Resources available for victims in need of help

Julie Mana-Ay

News Editor


In light of recent events surrounding student safety on campus, CSU Bakersfield Campus Advocate Vanessa Corona and Title IX coordinator Claudia Catota share what resources students can access to seek help when witnessing or experiencing sexual misconduct.

Claudia Catota, who serves as CSUB Title IX coordinator and assistant to the president, says that if students feel like they’re being targeted or a victim of a crime, they should report it.
Students are able to contact Catota directly to file a complaint against another person.

As the Title IX coordinator, Catota investigates harassment’s, accusations of discrimination, sexual misconduct upon college students.

“The crime doesn’t necessarily have to happen on campus. As long as it is a CSUB student, they can come and see us for resources,” Catota said.

Title IX is a federal law that was established in 1972. The law protects student rights against discrimination of sex, gender, or sexual orientation in activities and educational programs organized by CSUB. Title IX protects students against sexual harassment, sexual discrimination, gender discrimination, stalking, domestic violence, rape, sexual assault and gender equity in athletics.

“Within the past five years or so, it has really evolved into encompassing sexual assault on college campuses, and it really came about as a response to a lot of student activism on different college campuses when universities weren’t responding to allegations to sexual assault adequately,” said Catota. “Universities are now being held accountable for these types of complaints.”
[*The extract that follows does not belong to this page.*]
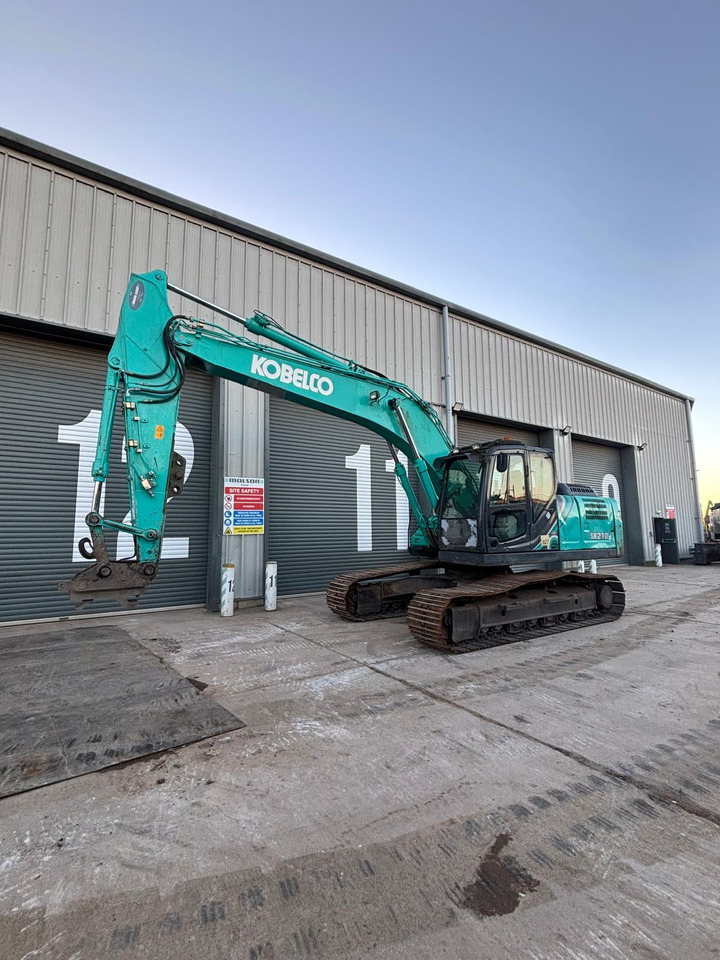 Kobelco SK210LC-10 - Bager gusjeničar: slika Kobelco SK210LC-10 - Bager gusjeničar Kobelco SK210LC-10 - Bager gusjeničar: slika Kobelco SK210LC-10 - Bager gusjeničar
When dealing with sexual misconduct, both Corona and Catota believe University Police Department, the counseling center, and even stopping by either of their offices are fundamental resources students should take advantage of.

“No one deserves that. We want folks to know if they do come forward or do feel uncomfortable, knowing these places will never make this your fault. Even if it does take a little time, the awareness is out there,” Campus Advocate Vanessa Corona said. “We know things are happening so people can say something about it because each of us is one person.”

Corona said that if a student doesn’t feel confident in themselves about intervening in a situation, it’s okay to notify a staff member or to call the University Police Department.

“I want all of us to be equal in trying to prevent these things from happening. We know these things won’t happen if we continue to hold people accountable. We need for people to not feel concerned or scared when they come to school,” Corona said. “This should be a safe place, and it should be a learning environment.”

Corona encourages students to report these incidents to UPD. In any of those situations where a student may be uncomfortable giving their names to UPD, they’re also able to go to Corona to speak in a more confidential environment.

As a campus advocate and education coordinator at CSUB, Corona is able to help with Title IX, proceeding with law enforcements, or going to court dates if any sexual misconduct incidents were to happen to any student.

“Offenders are often repeat offenders. They’ve done it before and they know they’ve gotten away with it, so they continue to do so,” said Corona.
Corona wants students to know that if these situations do happen to them, it is not their fault.

“We want there to be that cohesion. We never want people to think there’s one person to talk to. There is a support team,” she said. “Sometimes we might be in situations where there’s less than positive people around. Call a friend, get a safety escort on campus. Don’t be afraid to use those resources. Don’t ever turn a blind eye.”

Corona is located in Rohan Hall 102 and Catota is located in the Office of the President.